Okay, well, even though I would rather have been partying hard with my masters gals, Cyn and Kim, I understand they have priorities that are not getting drunk and meeting boys.But my priority is still getting drunk and meeting boys. (Am I too old for this? Probably, once I'm no longer single. But in the meantime....)
And I'm happy to report I did get my Halloween flirt on. Not too many people were at this costume party, but all were friendly and I had a great time. Some wasted fellow dressed as Clark Kent repeatedly accosted me. Gave me his card, told me I was too beautiful to wear a mask (part of my costume), and on and on. The funniest part was hearing him saying the same things, word for word, to another young lady just behind me at the bar. Once Clark gave me his #, I thought I was safe from his advances, but about an hour later, he approached me again. A friend of mine noticed, and tried to pull me away, but he wouldn't stop following us until I told him we were having an "emergency" and retreated to the ladies bathroom. Then, each time he came near, I became VERY friendly with whatever gentleman I was conversing with. Two gentleman in particular seemed particulary effective at keeping Clark at bay (they were both ~ 6'3" and 225). At one point, neither of the big guys were around, so I became quite friendly with a fellow dressed as Zorro (yes, I filled him in on the particulars) and apparently, while I was getting friendly with Zorro, Clark asked my friend "Am I not as good looking as Zorro?" How pathetic.
One of the 6'3" guys seemed particularly interested in "protecting" me. He was dressed as PT Barnum and came around to talk quite a few times. When I was leaving the bar, Clark was outside (puking?) and PT Barnum was smoking. I grabbed onto him "Hey, you!" and made him walk me down the street to escape from Clark, at which point he asked for my #. Yippee! He's 5-6 points on the checklist, too! So even if I never hear from Karaoke boy again (oh, I have to send him those pics tomorrow...) I have some hope. I think I like this guy better... well, I barely know him. But so far... (and if he calls, ever...). Fingers crossed!
I think I'm finding I like the NON-online dating thing much better than the online dating thing. Whatdya think?
9 Comments:
I seem to have about equal luck between the online thing, and the real thing. Bar pick-ups never seem to work out for very long, but they're usually fun. That said, your, I have some hope. I think I like this guy better... line is all too reminisce. Since I suffer from the same disease, I've named it ADHD Dating™.
I think every few days you say the same thing about some guy, and then less then a week later you're moaning about how they let you down... this cycle keeps repeating and repeating and repeating..........
See?!? Isn't it much better in person? You actually get to see, hear, feel what the person is like.

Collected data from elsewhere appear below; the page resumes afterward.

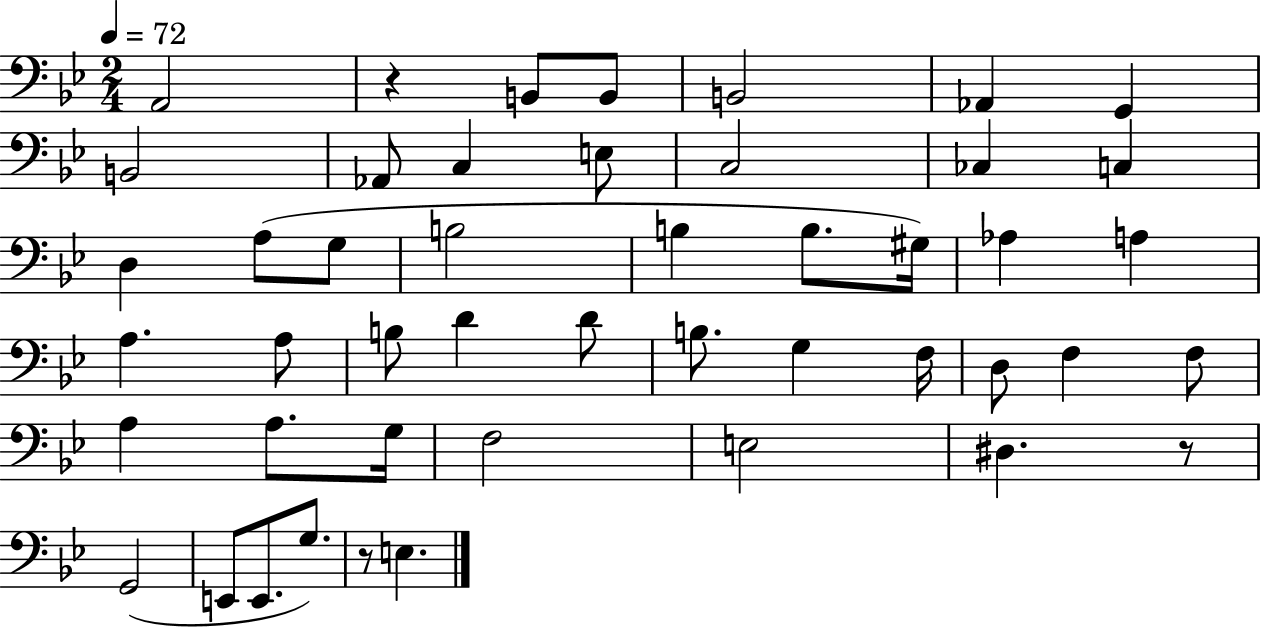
{
  \clef bass
  \numericTimeSignature
  \time 2/4
  \key bes \major
  \tempo 4 = 72
  a,2 | r4 b,8 b,8 | b,2 | aes,4 g,4 | \break b,2 | aes,8 c4 e8 | c2 | ces4 c4 | \break d4 a8( g8 | b2 | b4 b8. gis16) | aes4 a4 | \break a4. a8 | b8 d'4 d'8 | b8. g4 f16 | d8 f4 f8 | \break a4 a8. g16 | f2 | e2 | dis4. r8 | \break g,2( | e,8 e,8. g8.) | r8 e4. | \bar "|."
}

Yeah, jon, it is totally a viscious cycle. I don't know what to do about it, though, I mean really, can I really control all the freaks here? I think they all just want to get laid, and when I don't put out they disappear. But sleeping with them only postpones their eventual departure anyway...
Yeah, Kristin, you're dead on there. Sure, it'd be nice if you could have a radar to tell when someone actually wants a relationship vs. getting laid, but they just don't exist! The problem is, when you get hurt you still have to put your trust in a new person all over again. It gets frustrating. Sounds corny, but if you keep believing you're a good person who is looking for someone special, trust me, you'll find it. And from reading your blog for the past couple months, I can tell it'll happen for you...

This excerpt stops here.